(TASK STATEMENT): Copy the listing below in full and skip every picture.

(DATA EXCERPT):
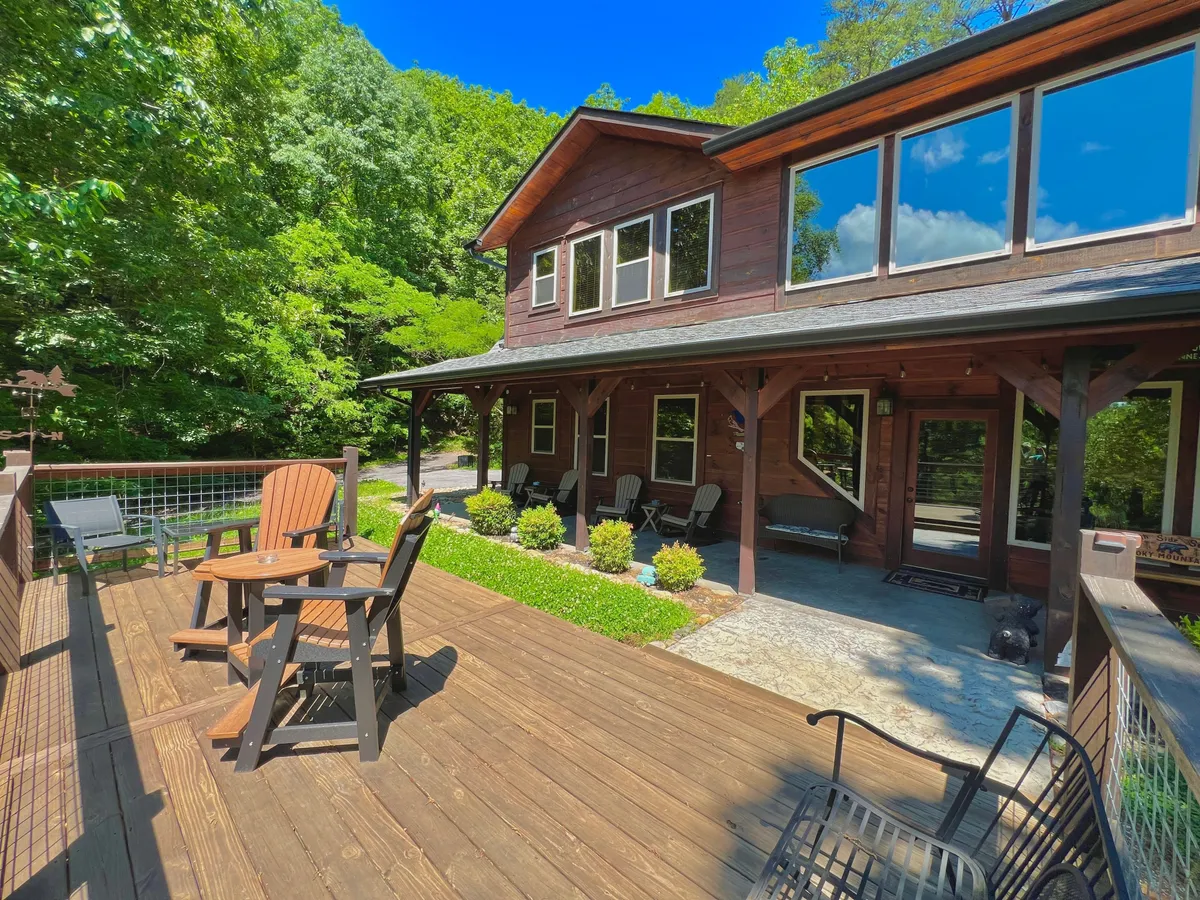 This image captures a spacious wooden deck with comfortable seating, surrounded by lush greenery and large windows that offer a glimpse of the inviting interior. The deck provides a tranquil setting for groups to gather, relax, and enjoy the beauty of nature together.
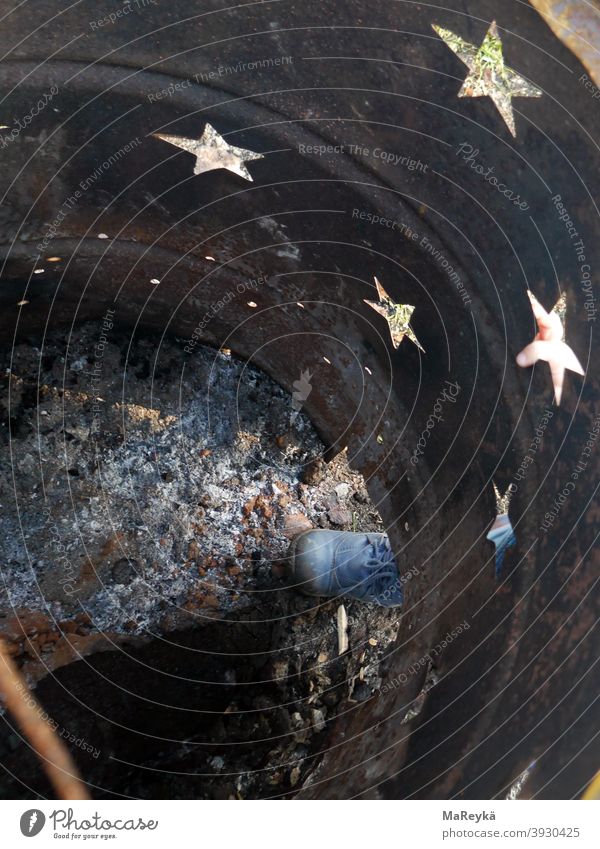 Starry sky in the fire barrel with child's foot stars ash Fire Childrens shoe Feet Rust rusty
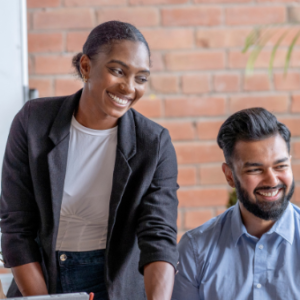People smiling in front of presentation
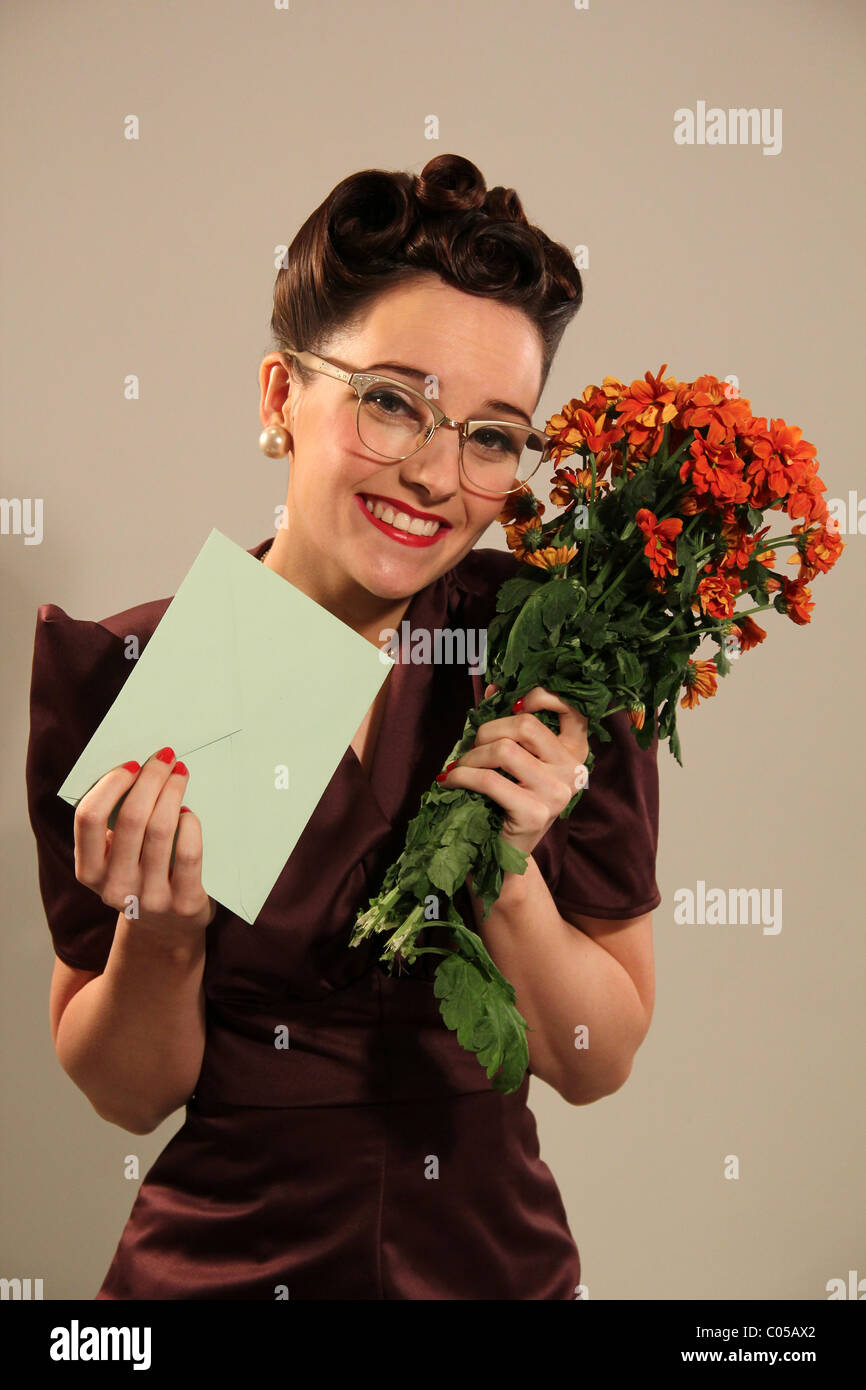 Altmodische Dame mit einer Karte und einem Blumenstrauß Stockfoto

(COMPLETED EXERCISE):
 This image captures a spacious wooden deck with comfortable seating, surrounded by lush greenery and large windows that offer a glimpse of the inviting interior. The deck provides a tranquil setting for groups to gather, relax, and enjoy the beauty of nature together.
 Starry sky in the fire barrel with child's foot stars ash Fire Childrens shoe Feet Rust rusty
People smiling in front of presentation
 Altmodische Dame mit einer Karte und einem Blumenstrauß Stockfoto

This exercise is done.